リアルタイムで証拠を報告できて、受け取る側も証拠をすぐに見ることができるので、調査のプロセスがとてもスムーズになります。

例えば、以前アメリカで何週間もかかった末にまったく解決されなかったような調査が改善されて、2日〜4日で一気に解決まで至った事例も出ています。

悪用を防止する管理システム

──シンプルなインターフェースと匿名性によって報告のハードルが下がる一方で、いたずら半分の情報が増えるのではないかと思います。情報の識別・調査はどのように行うのでしょうか?

Todd: たしかに、不適切な写真を送ったり、嘘の報告をしてみたいと思う子どもいるでしょう。ここで1つ大事なことは、「管理者がちゃんと応えること」です。

いたずらに対しては、「どうしました?」「これは不適切な使用ですよ」とメッセージを返します。

いたずらっ子というものは、すぐ返事が返ってくるようだと、抑止力が働いて「これはやばいな」と考えます。
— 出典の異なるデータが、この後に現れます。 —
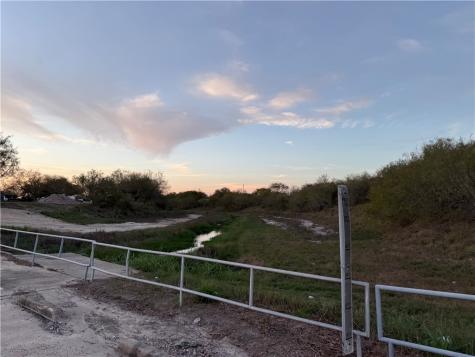 610 W Avenue I 1/2 Kingsville TX 78363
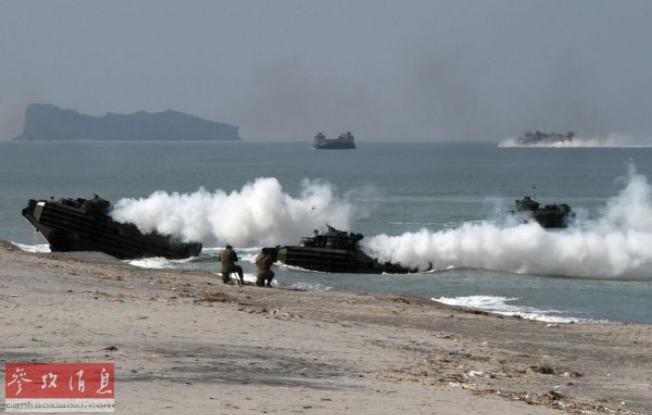Ngày 5 tháng 10 năm 2014, Mỹ-Philippines tổ chức diễn tập xe chiến đấu đột kích đổ bộ (nguồn Tin tức Tham khảo, TQ)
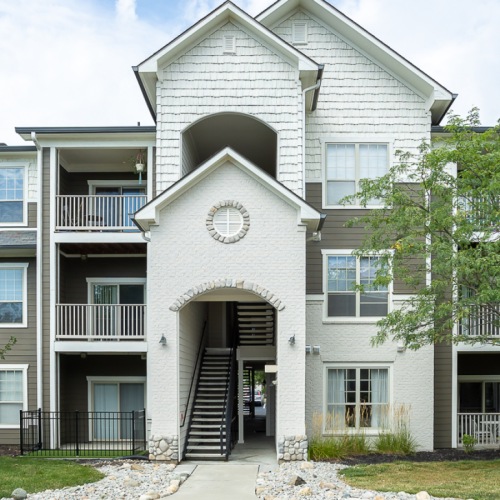 Find your next apartment in Noblesville Apartment building exterior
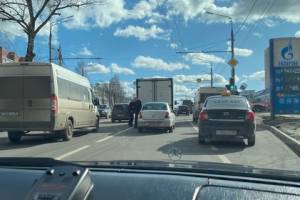 В Брянске на улице Авиационной произошла авария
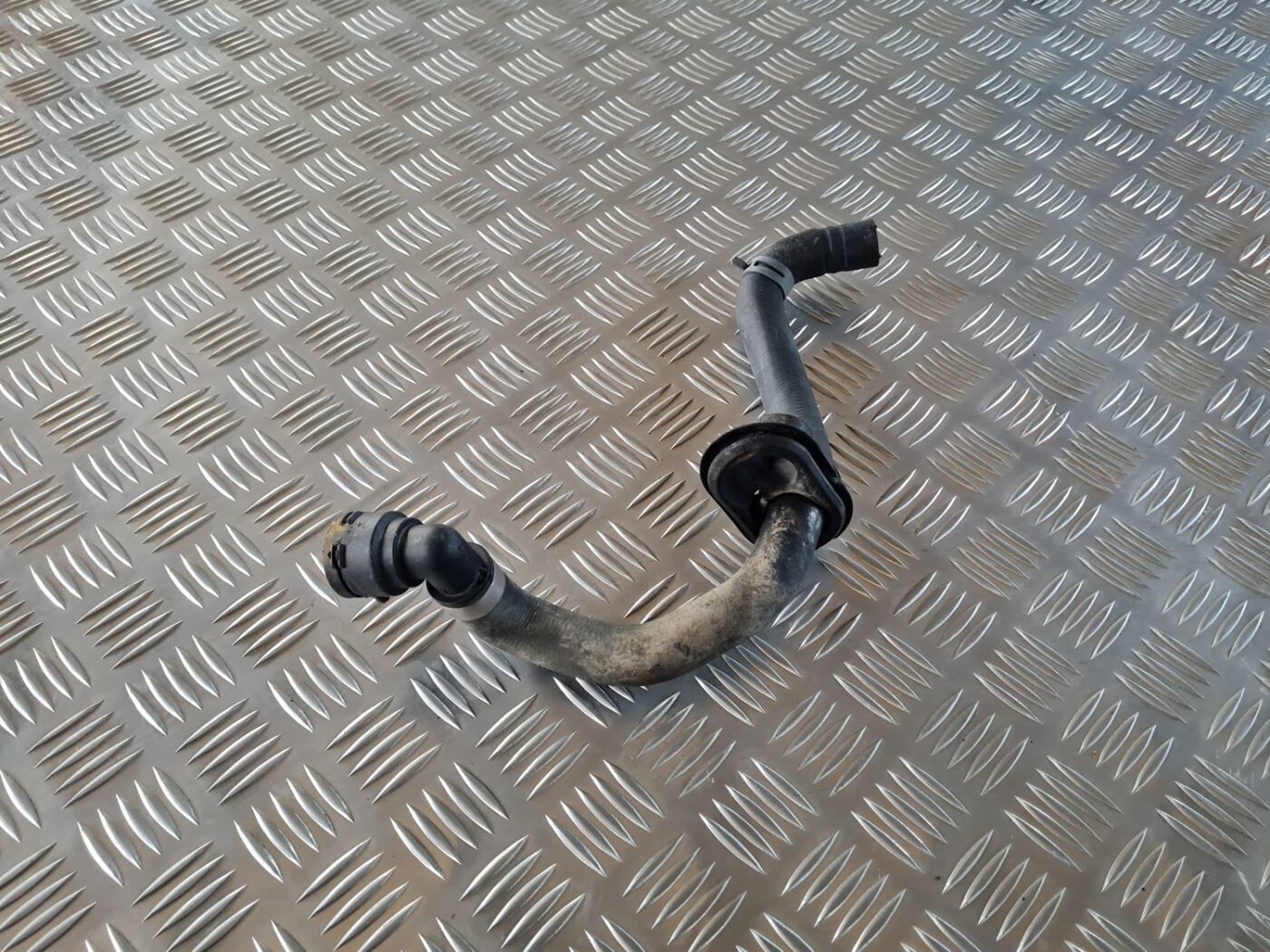 Dzesēšanas caurule priekš AUDI A4 2000 AVANT 1 Dzesēšanas caurule priekš AUDI A4 2000 AVANT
万が一改善されない場合には、管理者のほうでユーザーを無効化することもできます。

また、このプラットフォームの鍵となる特徴ですけれども、「STOPit Messenger」という機能があります。

例えば、「ジミーが月曜日に学校に爆弾を持ってくる」という報告があるとします。大きな学校なので、どのジミーかわかりません。匿名による報告の場合、そこで真偽の調査が止まってしまう可能性がありますよね。
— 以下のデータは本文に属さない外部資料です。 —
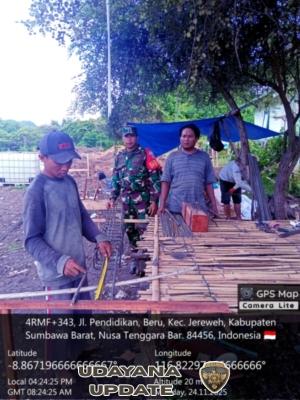 Babinsa Desa Belo Pantau Pembangunan Koperasi Merah Putih di Desa Belo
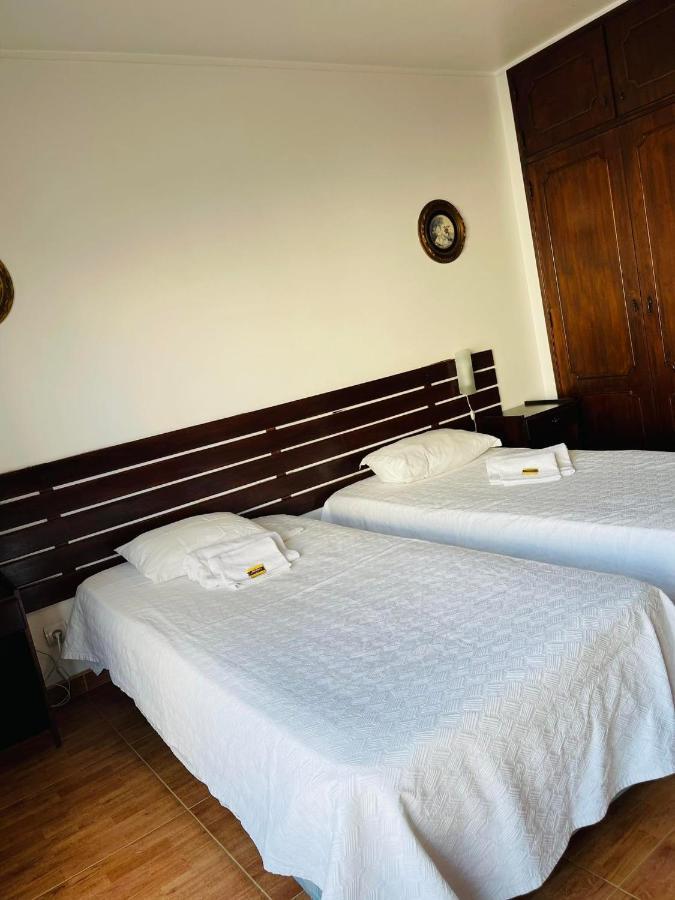 Camera Matrimoniale/Doppia con Letti Singoli con Letto Supplementare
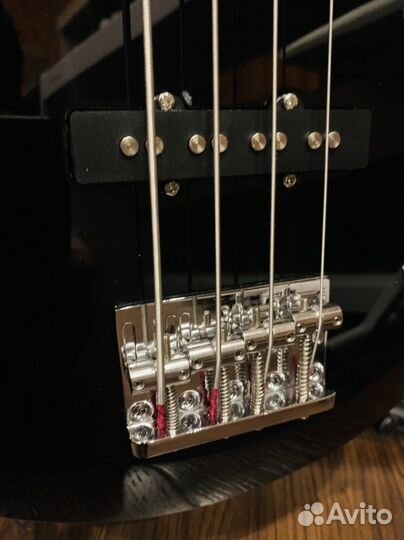 Бас Гитара Les Paul Black Edition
しかし、この「STOPit Messenger」という機能があれば、管理者がリアルタイムで「どのジミーですか?」とやりとりをすることができます。

匿名性を保ちつつも、詳しい状況を知ることができるということで、とても重要な要素になっています。

今の時代、子どもたちもテキストを打つことに慣れていますので、対話型のメッセンジャーによって、どんどん情報を出してくれますし、管理側の調査の質もよくなります。それこそが、このプラットフォームが世界中で成功している秘訣です。

当事者に「見て見ぬ振り」は許されない

──日本では、いじめの報告を受けた教師が、実態を把握していながら対応を取らずに、生徒が自殺にいたってしまったというケースがあります。
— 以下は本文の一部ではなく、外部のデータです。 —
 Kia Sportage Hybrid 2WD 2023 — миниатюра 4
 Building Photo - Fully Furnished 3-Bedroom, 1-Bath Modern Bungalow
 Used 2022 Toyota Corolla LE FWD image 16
Todd:それに関しては、STOPitはすべての当事者に責任を持たせるように設計されています。例えば学校だったら、校長先生から教師まで、すべての人がリアルタイムで報告を受けるようにできますので、責任逃れはできません。

すべての報告・相談には日付と時間のスタンプが押してあり、受け取る側すべての人の履歴に残ります。もし当事者全員が何もしないということになると、本当に大問題に直面することになります。

報告者の子どもも管理者の学校も含めて、すべてを巻き込むようにデザインされたプラットフォームですので、もう見て見ぬ振りはできません。

「STOPit」が目指す理想の社会

──「STOPit」の日本展開にあたって、将来の展望はありますか?

谷山大三郎氏(以下、谷山):私は「STOPit」をただの報告・相談ツールだとは捉えていません。これが当たり前のように存在することで、人々のモラルを高めたり、「誰も何も言わないから自分も行動を起こさない」とか、 「友達がやっているから、私も友達に合わせないといけない」という同調圧力に屈せず行動したりする1つのきっかけになってほしいと思います。

もしかしたらToddに怒られるかもしれないですけど、極端な話、同調圧力に屈せず、人々がモラルを持って自発的に立ち上がれるようになれば、「STOPit」がなくてもいいと思うし、私はそのような社会を創っていきたいと思います。

Todd:私は自殺のない社会を創りたいです。そして日本の子どもたちに対しては、お互いを助け合って、思いやりのある社会を創ってほしいと思っています。

そのために、デジタルの世界や大人たちに見えない場所で起こっていることを、シェアして助け合えるようにしたいと思います。それが私のゴールです。

──ありがとうございます。「STOPit」について、「いじめの防止」以外の可能性も感じたのですが、そのあたりのアイデアはありますか?

Todd:「STOPit」は、すべての報告のプラットフォームだと思っています。今の時代、HPの長い問い合わせフォームに記入したり、犯罪の予兆を疑った場合に電話をしたり、ということはあまりしませんよね。

「STOPit」のように即時に報告できるプラットフォームがあれば、自治体、都市、会社、学校などを含めて、社会全体をよりよい場所にすることができると思っています。これはリスクの1歩前を行くためのテクノロジーです。